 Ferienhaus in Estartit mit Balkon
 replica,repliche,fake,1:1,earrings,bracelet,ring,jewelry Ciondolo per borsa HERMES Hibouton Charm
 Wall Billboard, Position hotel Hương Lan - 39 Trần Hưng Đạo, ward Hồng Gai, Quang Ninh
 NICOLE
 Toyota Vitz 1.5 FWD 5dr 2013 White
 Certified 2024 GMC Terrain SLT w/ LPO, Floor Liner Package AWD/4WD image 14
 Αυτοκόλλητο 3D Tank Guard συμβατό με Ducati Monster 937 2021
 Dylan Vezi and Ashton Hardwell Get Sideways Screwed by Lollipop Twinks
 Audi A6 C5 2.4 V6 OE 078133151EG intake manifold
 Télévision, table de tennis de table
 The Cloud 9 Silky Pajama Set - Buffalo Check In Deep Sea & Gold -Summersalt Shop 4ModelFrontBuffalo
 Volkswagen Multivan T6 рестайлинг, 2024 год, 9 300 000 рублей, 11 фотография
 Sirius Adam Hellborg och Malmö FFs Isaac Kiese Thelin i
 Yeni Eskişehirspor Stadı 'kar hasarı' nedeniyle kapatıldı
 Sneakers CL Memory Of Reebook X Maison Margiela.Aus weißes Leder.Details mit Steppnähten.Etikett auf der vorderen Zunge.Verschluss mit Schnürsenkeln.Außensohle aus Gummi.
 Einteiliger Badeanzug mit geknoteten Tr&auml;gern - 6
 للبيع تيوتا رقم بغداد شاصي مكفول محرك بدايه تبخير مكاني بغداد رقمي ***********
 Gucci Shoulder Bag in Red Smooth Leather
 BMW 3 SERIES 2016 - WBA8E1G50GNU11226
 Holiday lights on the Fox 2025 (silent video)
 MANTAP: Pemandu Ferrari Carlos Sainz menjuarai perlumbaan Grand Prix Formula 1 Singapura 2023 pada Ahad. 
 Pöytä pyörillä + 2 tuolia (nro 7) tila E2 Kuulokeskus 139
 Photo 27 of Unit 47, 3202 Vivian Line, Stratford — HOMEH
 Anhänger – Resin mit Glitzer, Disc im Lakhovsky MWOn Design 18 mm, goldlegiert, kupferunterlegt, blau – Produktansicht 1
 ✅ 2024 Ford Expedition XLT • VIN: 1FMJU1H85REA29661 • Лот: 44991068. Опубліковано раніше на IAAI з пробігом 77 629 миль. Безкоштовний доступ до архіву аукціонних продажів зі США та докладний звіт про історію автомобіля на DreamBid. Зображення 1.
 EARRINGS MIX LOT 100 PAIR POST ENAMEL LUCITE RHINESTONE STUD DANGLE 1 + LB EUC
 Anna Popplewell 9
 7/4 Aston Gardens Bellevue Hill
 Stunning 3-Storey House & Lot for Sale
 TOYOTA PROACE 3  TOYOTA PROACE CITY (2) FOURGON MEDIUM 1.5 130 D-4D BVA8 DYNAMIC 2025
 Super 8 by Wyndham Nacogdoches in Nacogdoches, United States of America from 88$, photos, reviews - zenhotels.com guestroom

### [What you are asked to do]
Your output is to be the lines of the listing, exact and complete, starting at the first and ending with the line that contains "Anhänger – Resin".

### [Problem solution]
 Ferienhaus in Estartit mit Balkon
 replica,repliche,fake,1:1,earrings,bracelet,ring,jewelry Ciondolo per borsa HERMES Hibouton Charm
 Wall Billboard, Position hotel Hương Lan - 39 Trần Hưng Đạo, ward Hồng Gai, Quang Ninh
 NICOLE
 Toyota Vitz 1.5 FWD 5dr 2013 White
 Certified 2024 GMC Terrain SLT w/ LPO, Floor Liner Package AWD/4WD image 14
 Αυτοκόλλητο 3D Tank Guard συμβατό με Ducati Monster 937 2021
 Dylan Vezi and Ashton Hardwell Get Sideways Screwed by Lollipop Twinks
 Audi A6 C5 2.4 V6 OE 078133151EG intake manifold
 Télévision, table de tennis de table
 The Cloud 9 Silky Pajama Set - Buffalo Check In Deep Sea & Gold -Summersalt Shop 4ModelFrontBuffalo
 Volkswagen Multivan T6 рестайлинг, 2024 год, 9 300 000 рублей, 11 фотография
 Sirius Adam Hellborg och Malmö FFs Isaac Kiese Thelin i
 Yeni Eskişehirspor Stadı 'kar hasarı' nedeniyle kapatıldı
 Sneakers CL Memory Of Reebook X Maison Margiela.Aus weißes Leder.Details mit Steppnähten.Etikett auf der vorderen Zunge.Verschluss mit Schnürsenkeln.Außensohle aus Gummi.
 Einteiliger Badeanzug mit geknoteten Tr&auml;gern - 6
 للبيع تيوتا رقم بغداد شاصي مكفول محرك بدايه تبخير مكاني بغداد رقمي ***********
 Gucci Shoulder Bag in Red Smooth Leather
 BMW 3 SERIES 2016 - WBA8E1G50GNU11226
 Holiday lights on the Fox 2025 (silent video)
 MANTAP: Pemandu Ferrari Carlos Sainz menjuarai perlumbaan Grand Prix Formula 1 Singapura 2023 pada Ahad. 
 Pöytä pyörillä + 2 tuolia (nro 7) tila E2 Kuulokeskus 139
 Photo 27 of Unit 47, 3202 Vivian Line, Stratford — HOMEH
 Anhänger – Resin mit Glitzer, Disc im Lakhovsky MWOn Design 18 mm, goldlegiert, kupferunterlegt, blau – Produktansicht 1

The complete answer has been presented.